The fair has taught me to treat my life like a library: arrange the volumes, keep the ones that matter on the shelf within reach, and every so often, take down a familiar book and read it again, not to prove anything, but to remember who you were when you first believed a story could change you.
Over time the fair also outgrew its own definition. It stopped being just a place to buy books and became more of a festival, with musical events on stage, children painting and listening to stories in a corner, food stalls adding their own temptations. This year they even tried a kathak performance, proof that stories will find any way to spill beyond the page. It feels less like shopping now and more like the city gathering to celebrate itself through words.
Nostalgia, in this sense, is not merely an ache. It is a diagnostic, a way of testing what we have kept intact and what we have let go. The fair pushes you to interrogate the reverence you feel. Is your attachment to an old book a refusal to change, or a refusal to abandon something that still matters? I have tried to guard books from becoming tokens, props for an online persona, and failed often enough to learn nuance. Sometimes a picture of a book is just that, a picture. But other times that same book cracked open in a sunlit stall becomes a revelation, a hinge on which your day, or your life, swings. They let me borrow another life for a while, and in the borrowing, they teach me something about my own.

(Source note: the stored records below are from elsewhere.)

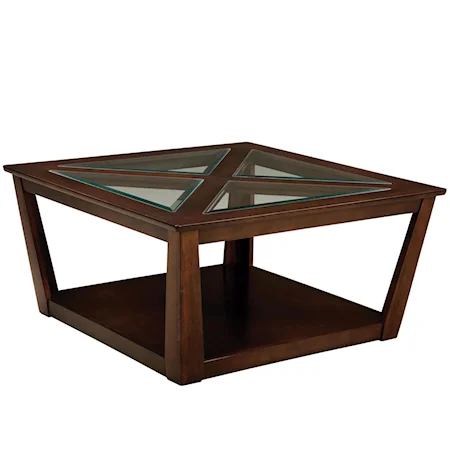 Square Cocktail Table with Beveled Glass Top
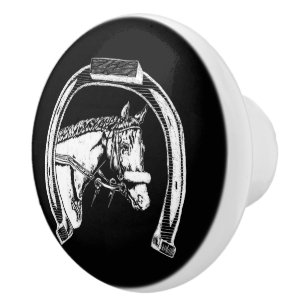 Hästkonst och hästseshoe Scratch Art. Knopp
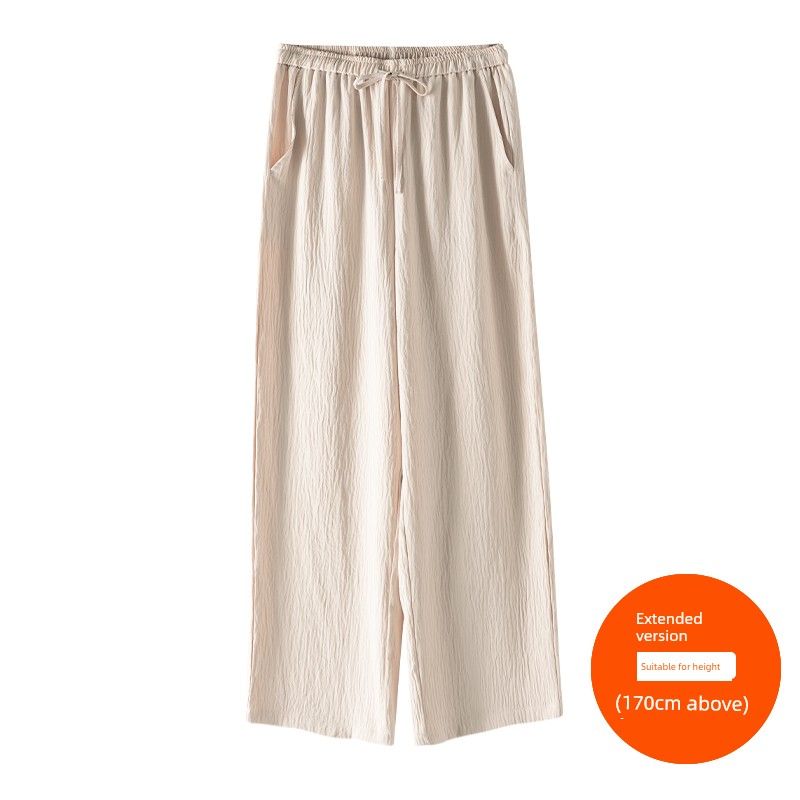

Plus size women clothing [Ice Silk Fiber Cool Pants] Texture 100.00kg Summer Chubby Girl High Waist Casual Wide Leg Pants Dark apricot (170cm above) 4XL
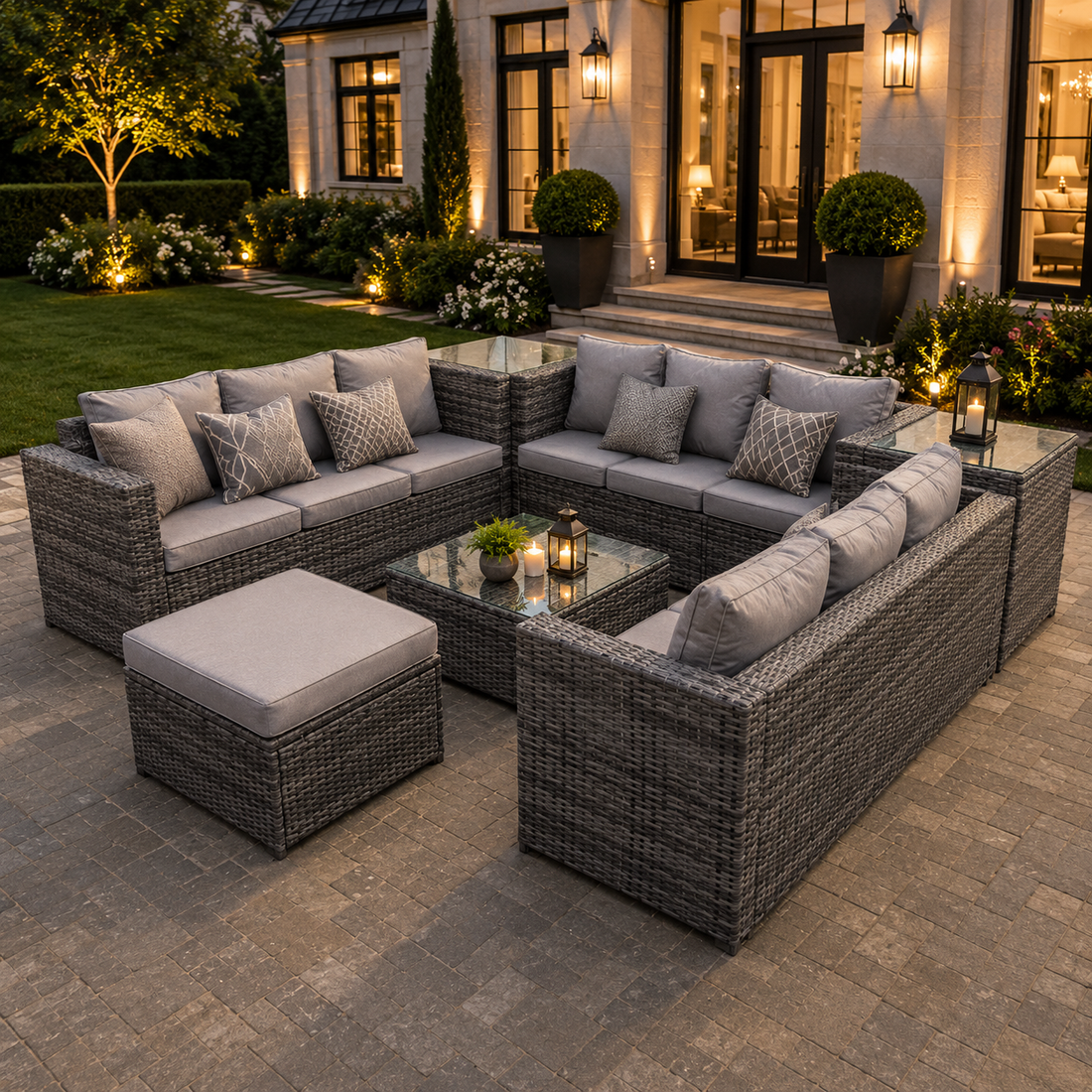 10 seater U shape rattan sofa set outdoor garden furniture patio with 3 table Dark Grey Mixed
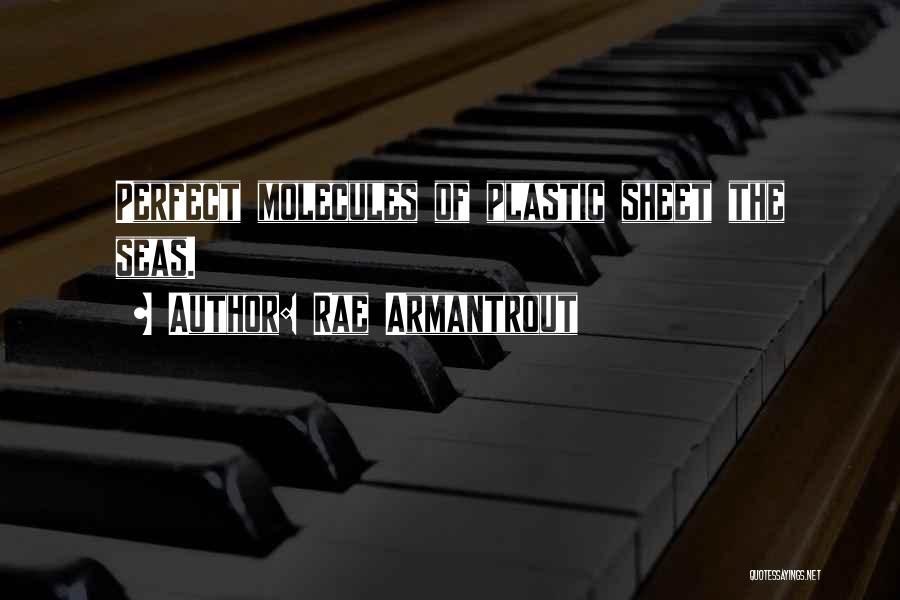 Rae Armantrout Quotes: Perfect Molecules Of Plastic Sheet The Seas.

When I think of my father leading me through the aisles, I realize that these visits were not just about books. They were about inheritance, not of wealth or property, but of curiosity. To be taken to a book fair as a child is to be told, without words, this is how you might feed your mind. This is where you can go when the world feels too much.

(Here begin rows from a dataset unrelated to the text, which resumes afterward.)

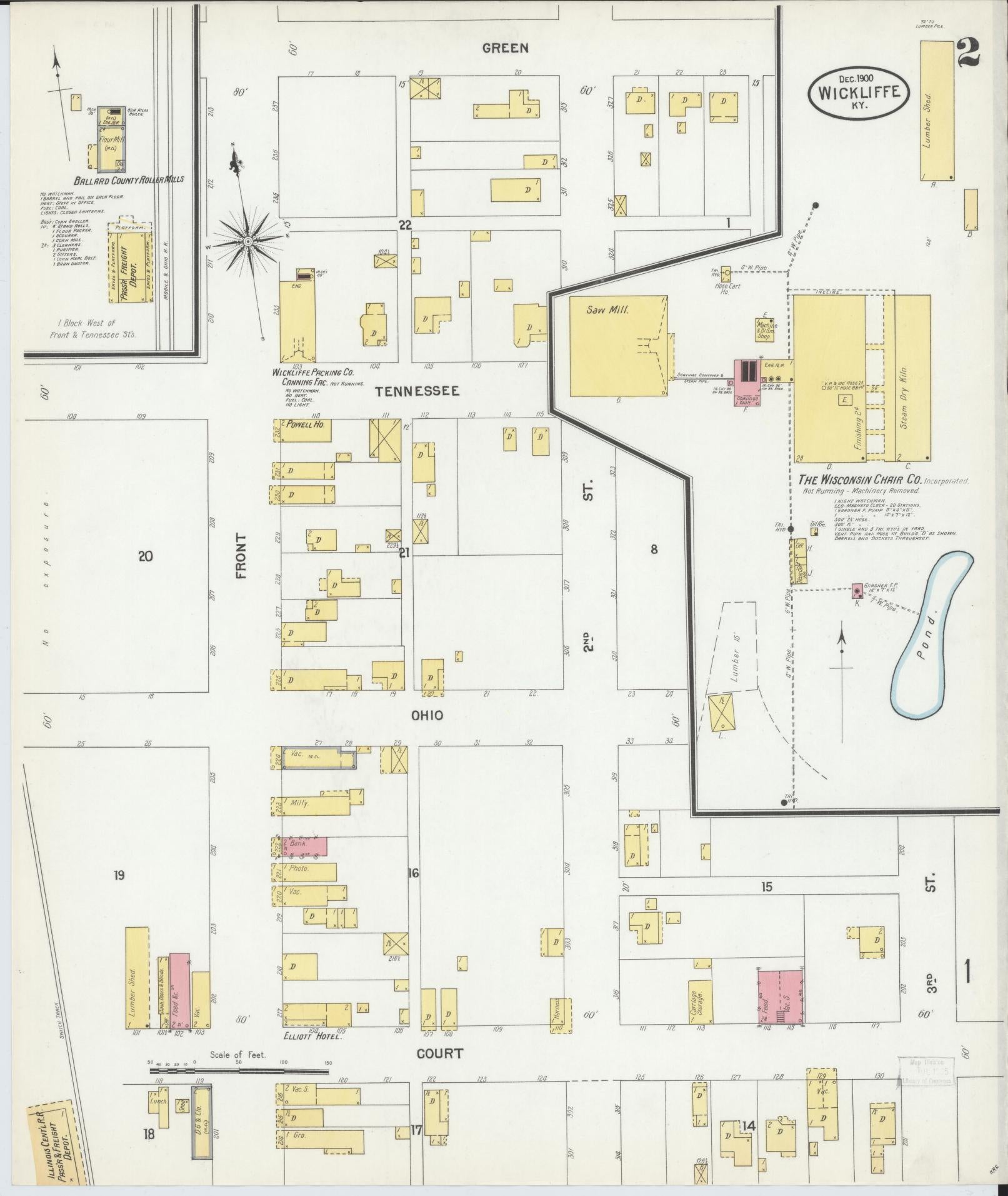Sanborn Fire Insurance Map from Wickliffe, Ballard County, Kentucky (1900), Sheet #0002 - Complete Map Set gallery image, historic Sanborn map, vintage wall art, Kentucky Kentucky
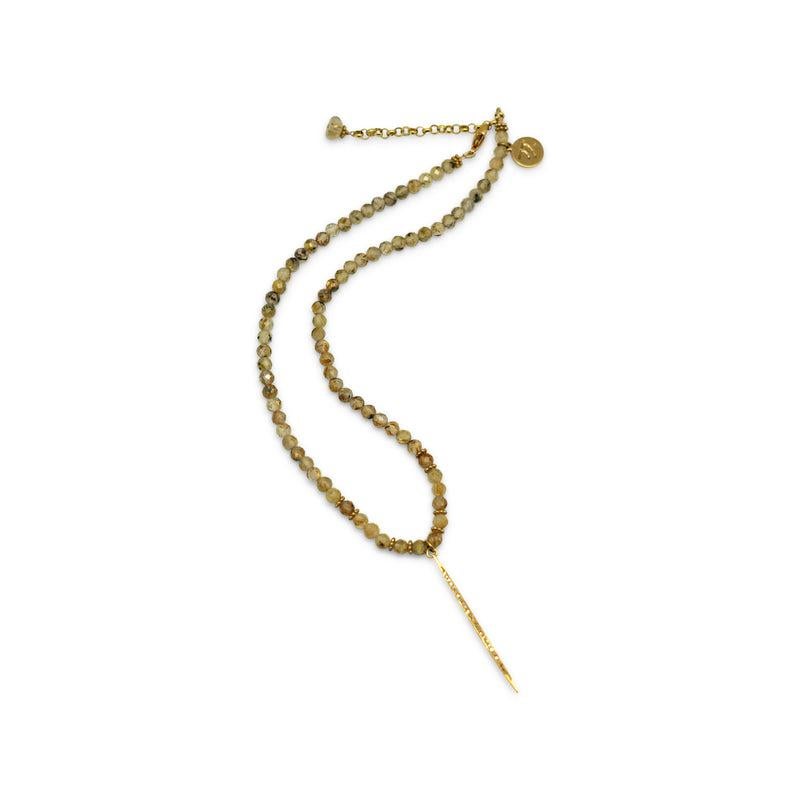 Small Rutiliated Quartz stones are accented with a pave diamond spike and 14K gold elements. The necklace was inspired by Sting's 1993 song that beautifully tell the truth that 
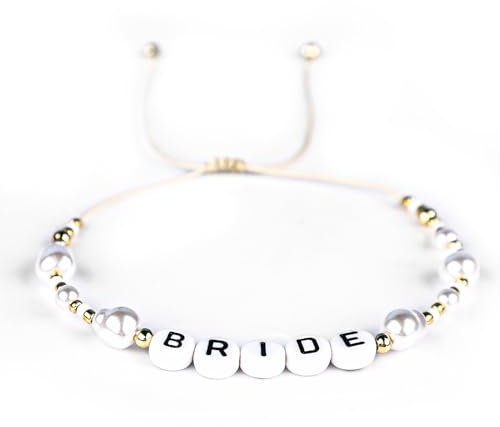Mikovivi Perlenarmband Braut, Armband Braut Verstellbares Exquisites Perlenarmband Brautjungfern-Geschenk Bachelorette-Armbänder Schmuck für Brautparty Gastgeschenk Hochzeitsaccessoire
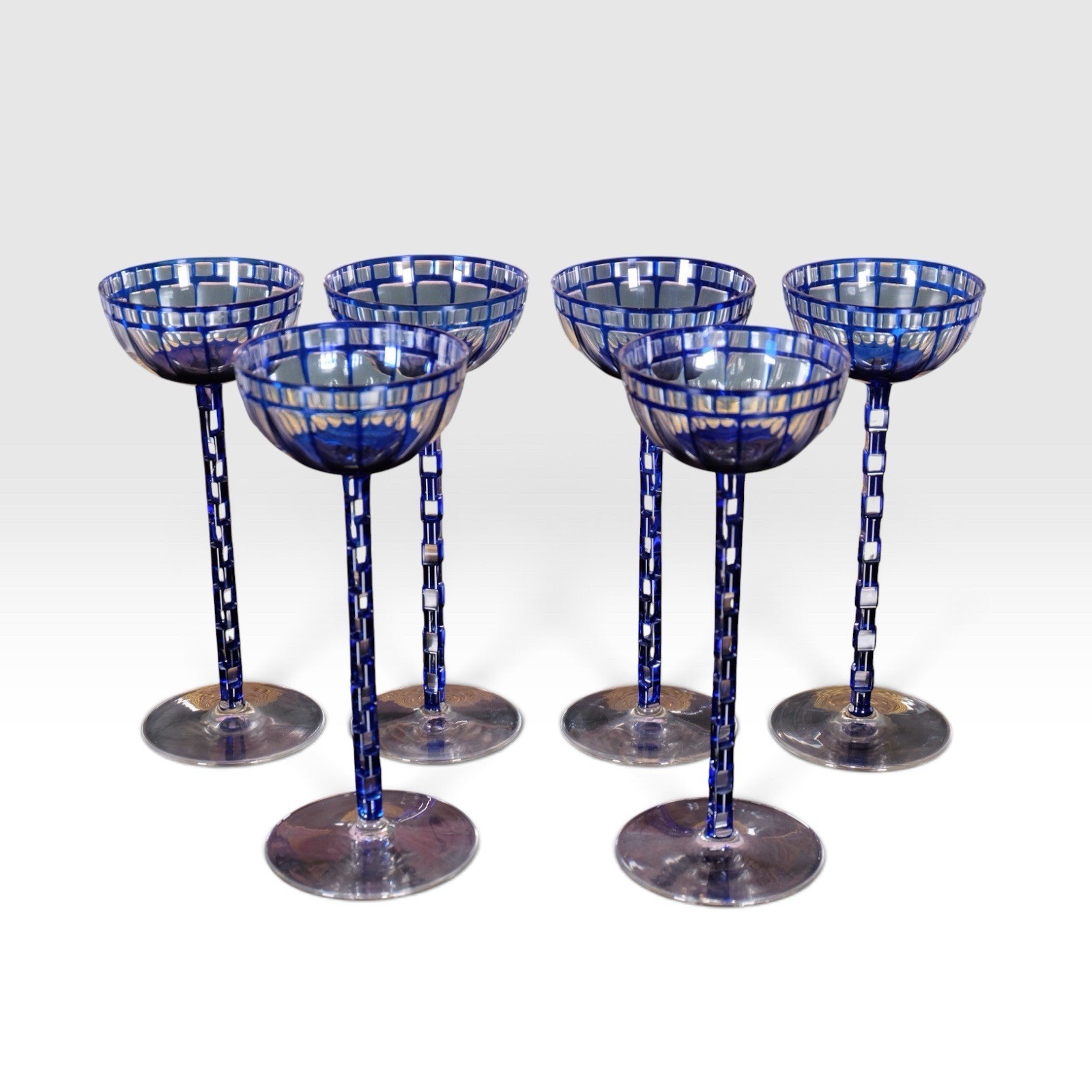 Otto Prutscher Blue Flashed Glass Goblet Set of 6 Meyr’s Neffe 1907 8.25\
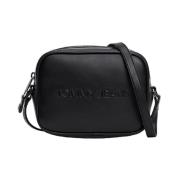 Zwarte Compacte Cameratas met Reliëf Logo Tommy Jeans , Black , Dames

My father does not walk beside me at the fair anymore. Perhaps it is because I have grown, able to find my own way through the aisles, and perhaps because he has grown too, older, slower, no longer able to linger for hours as I hunt for that one perfect paperback, or carry the weight of my ever-growing book bags. I understand this now, and in that understanding lies the quiet, tender evolution of our relationship, for better or for worse. We speak less than we once did, partly from uncertainty, partly from the unspoken negotiations of our lives, each of us unsure which parts of the other remain relevant.
And yet, whenever I return to the fair, I drift back to the seven-year-old version of myself clutching his hand, small and certain in a world that felt boundless but safe. I see him then, patient, steady, a compass through the dizzying possibility of the aisles, a gentle presence I never had to question. In those memories, the fair is more than books. It is light spilling over dusty tables, the faint smell of paper, the thrill of possibility, the mandatory ice-cream after, and the quiet sense that anything might happen if you only reached far enough. Time folds in on itself there, carrying both the ache of absence and the warmth of presence, leaving me with the knowledge that some connections, like the spines of beloved books, endure even when the hands that once held them no longer can.

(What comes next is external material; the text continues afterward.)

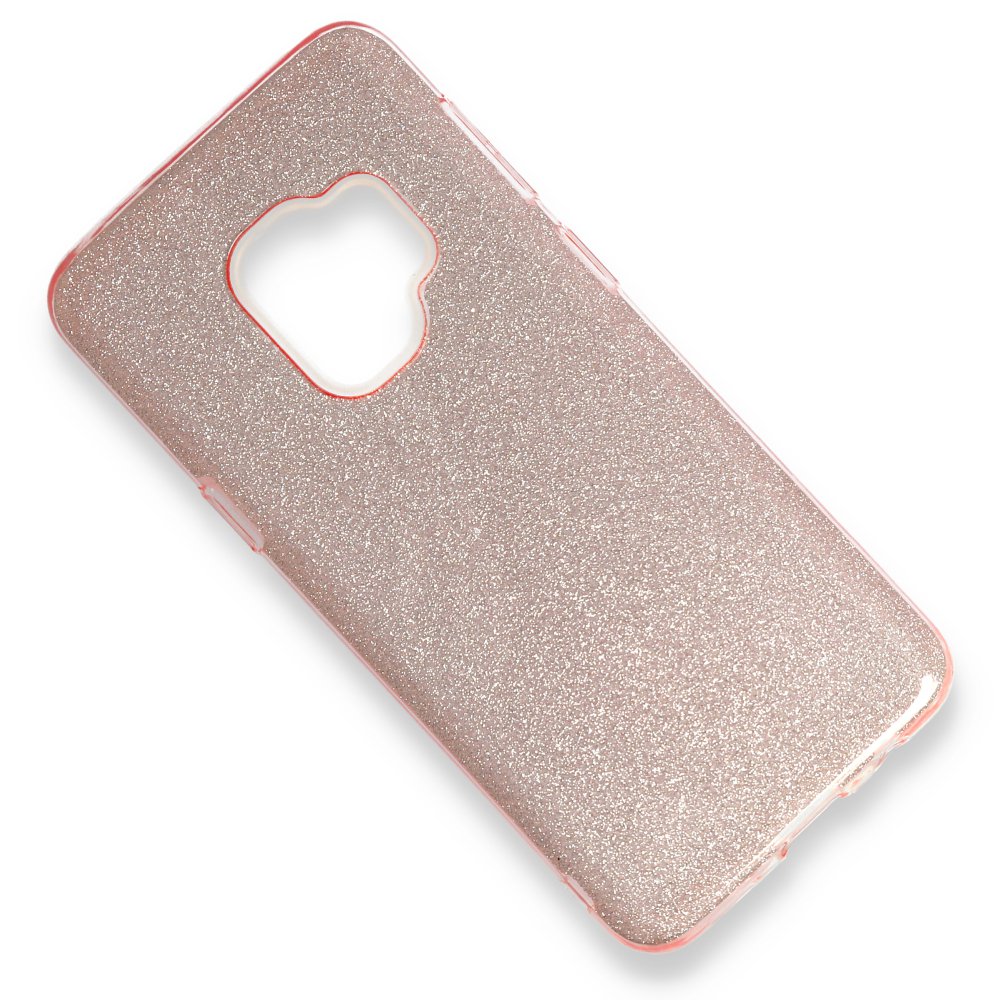 Newface Samsung Galaxy S9 Kılıf Simli Katmanlı Silikon - Rose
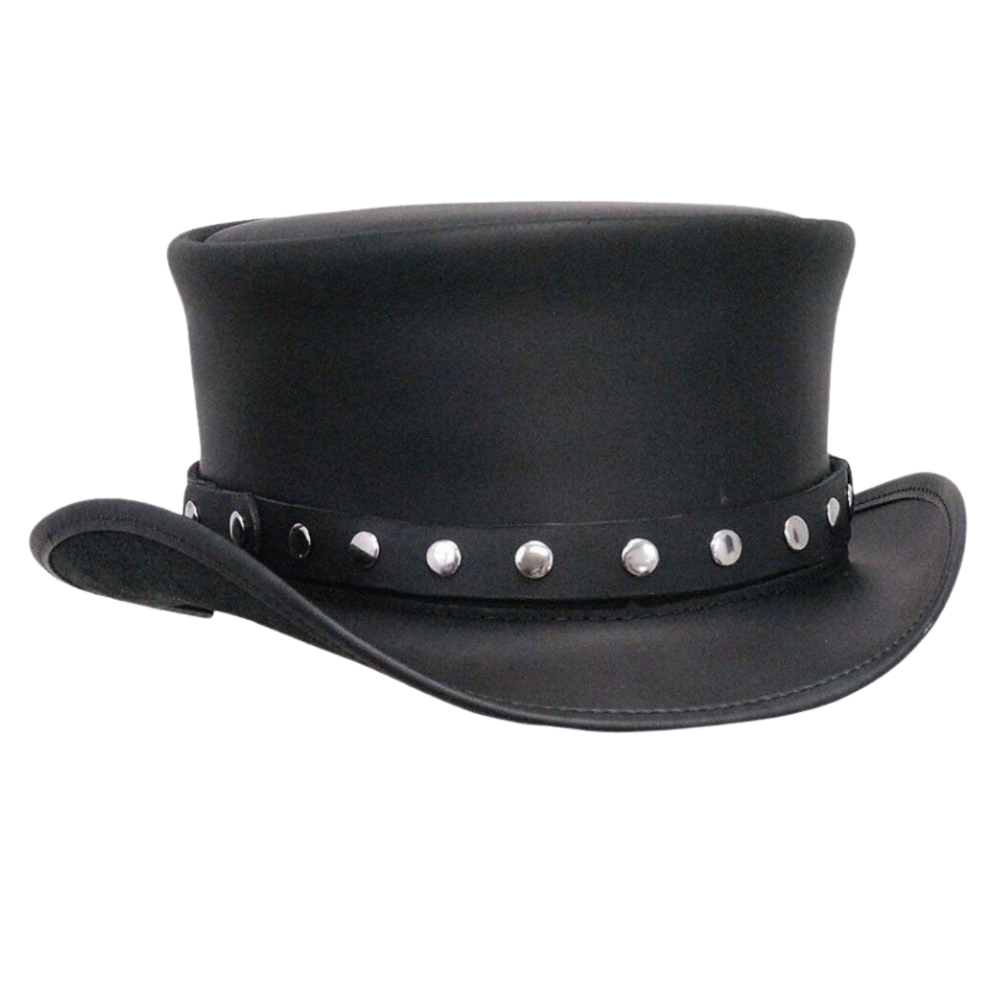 Elegant Black Leather Top Hat with a Distinctive Rivet Detail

Each year the fair grows, and I grow with it: new tastes, new doubts, new abilities to forgive; me and the people around me. The stalls change, the spines wither, but the magnet that drew a small girl to a crooked table continues to tug at me. Returning, I have learned, is not a surrender to the past. It is an act of preservation, an insistence that the self is built not only in breaks and newness, but in the faithful repetition of the places that taught us how to be. Every year when I walk those aisles, I see a younger version of myself in the corner of my eye, tugging at my father’s sleeve, holding a book with trembling hands. She looks at me as if to say, We made it here again.
And we did. Together, we keep growing.
And turns out I still need to work on my oversharing habit.